Add new dedup feature based on name and location
Background
There is a lot of elements which have the same name and are close but with a different hierarchy. When we do import with WOF and Geonames, there are some duplicate items and they are not deleted with the current API. Sometimes what matters most is the label with coordinates and not properties.
What I did
For this, I added a new query parameter dedupe=geo to remove nearby items. This will mark as similar all items with the same name and which are in less than 1km away.
I'm really bad in naming (parameters/variables/constants...) :sweat_smile:
Another PR we forgot, sorry!
This could be really useful. Honestly, I don't think it would help much with admin areas between WOF and Geonames, as they're often off by many km.

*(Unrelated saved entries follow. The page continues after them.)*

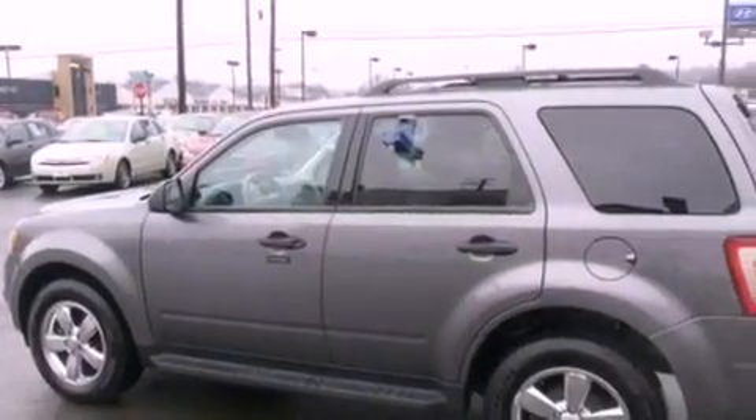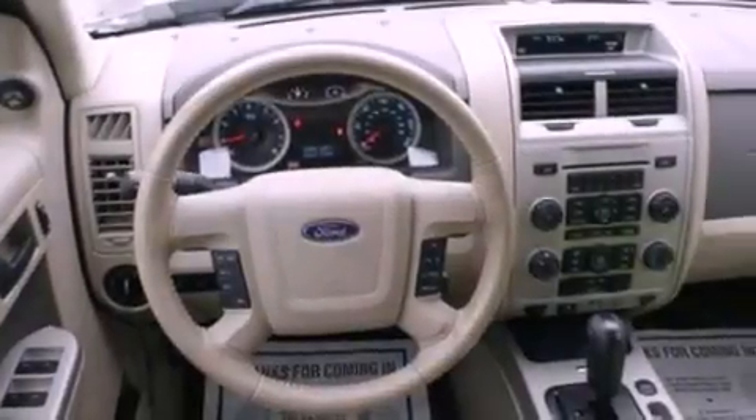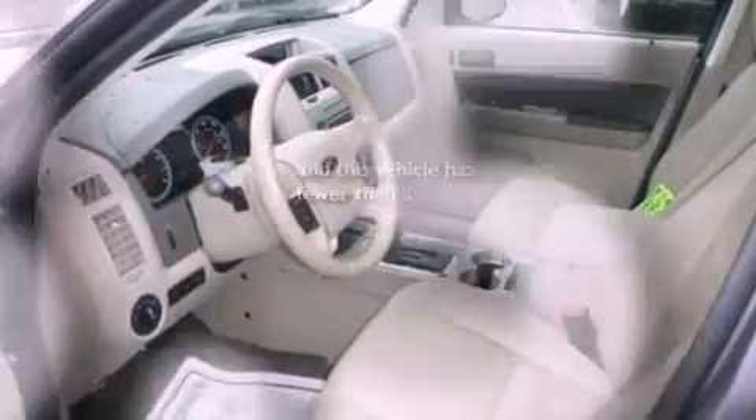The following features are also included: a power driver's seat, air conditioning, cruise control, leather seats, a four-wheel independent suspension, an engine immobilizer theft deterrent system, front fog lights, dusk-sensing headlights, an auto-dimming rearview mirror, and this vehicle has fewer than 34,000 miles on the odometer.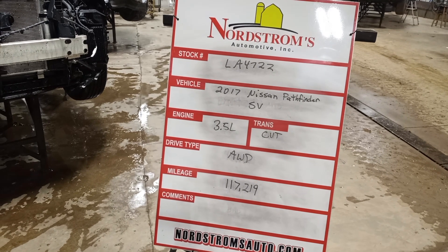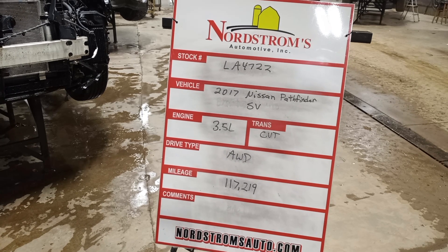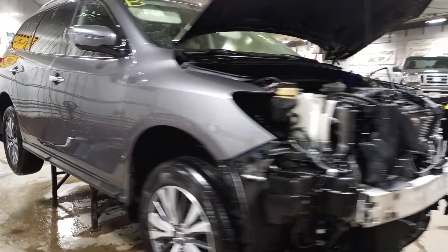Slack camera LA4722, 2017 Nissan Pathfinder SV, 3.5 liter CVT transmission, all-wheel-drive with 117,219 miles. Spray-in color, damage to the front, does run and drive.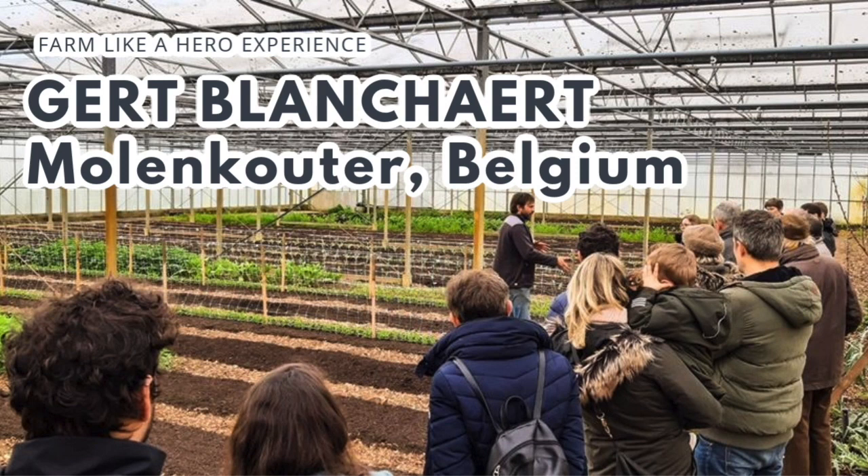Gaët, thank you so much for taking the time out to join us today. Thank you. Nice to have you on. Maybe you can give us a bit of the back story of how you came to farming. Did you grow up around production or were you doing other jobs before?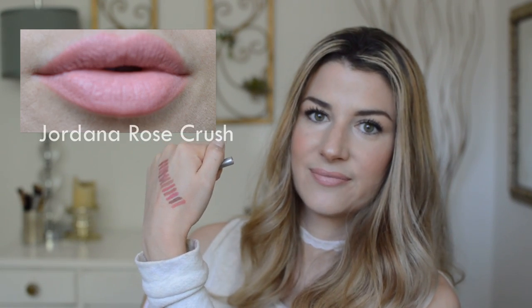And then I have one more from Jordana. This is in the color Rose Crush. This is kind of a brighter pink — it's probably the lightest I have. But I love this for a good light nude neutral lip. Love that.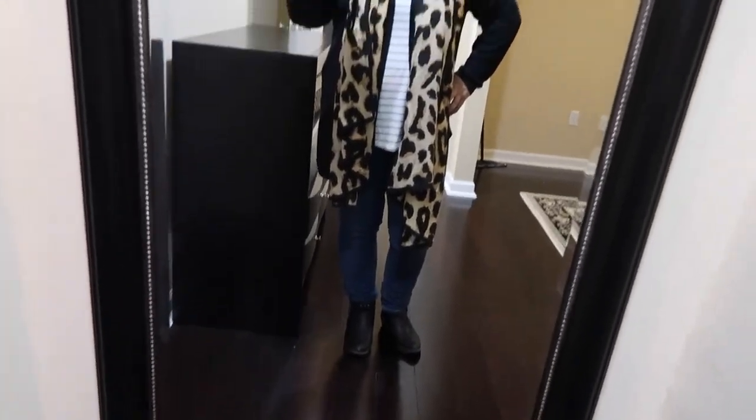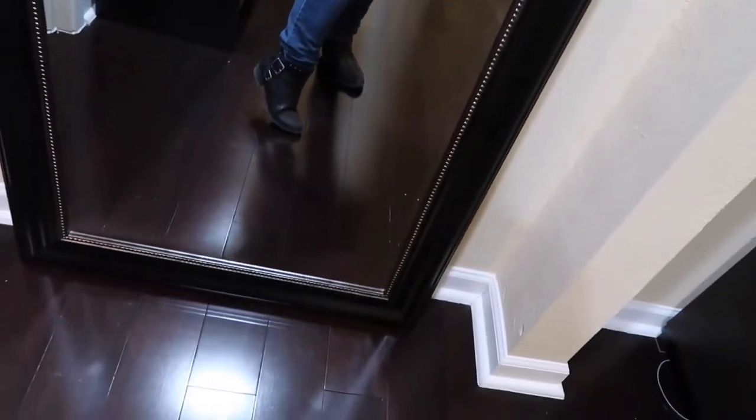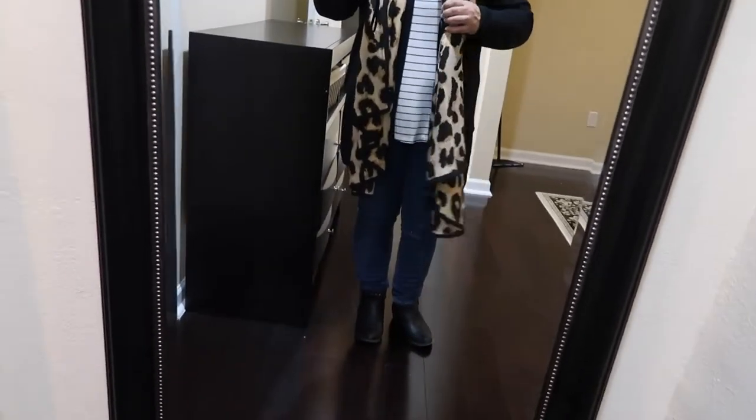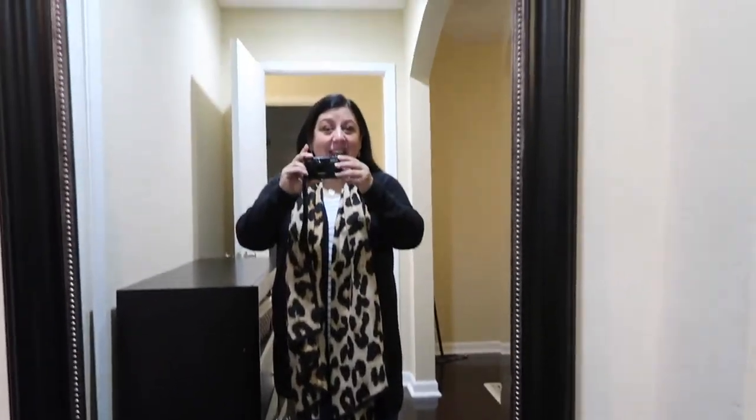Let me show you my outfit of the day. I have a little better lighting in this room now that we're selling the house, and in the new house I'll have even better lighting. I'm wearing booties — probably from JC Penney's — jeans, a striped tee probably from Old Navy, an Old Navy cardigan, and I think this is Nordstrom's because I'm trying to be a little fancy. I made it to work!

However it could be a really nice additional guard against incorrectly deduplicating addresses, and it would allow us to expand our dedupe logic to cover more cases (like common abbreviations as your test case mentions). So maybe we rework this to only apply to addresses, and then we can drop the additional parameter?
Yes, this is not only for WOF and Geonames dedup, it's for a specific use-case where the most important is the name and the position.
For example you are the Uniqlo website (I don't know why I chose this one :sweat_smile:), you have a ton of stores in your country, and you ask to your customer to type where he is to find the nearest shop. He is in Amiens in France. The answer is :
1) Amiens, France
2) arrondissement d'Amiens, France
3) Amiens, France
4) Amiens, SK, Canada
5) Amiens, QL, Australie
There are two Amiens a localadmin and a locality (whosonfirst:localadmin:1159322001 and whosonfirst:locality:101901021), both are close and the user will wonder why there are two Amiens in the same place...
This can also happen with a venue with the name of the city for example...
In fact, this PR remove duplicates caused by a wrong WOF hierarchy, for example this test was fixed with pelias/whosonfirst#471 https://github.com/pelias/api/blob/31dbbd6fd5f5bf02baa6147969ea057e84b5f544/test/unit/middleware/dedupe.js#L643
The Amiens example is also a wrong WOF data hierarchy. That's why I'm not as sure as I was with this feature :thinking:
Address dedup will be painful and funny, I have a good example here 20 Avenue de la République, Paris where Av<=>Avenue
For the record:
1) 20 Av De La Republique, Paris, France (openaddresses:address:fr/paris:3cd011103561aea8)
2) 20 Avenue de la République, Paris, France (openstreetmap:address:node/1225597358)
Hi there, I did some check for this PR and this is still useful.
My example is Place de la Bastille, I have 3 Place de la Bastille in my result and they are close to each other.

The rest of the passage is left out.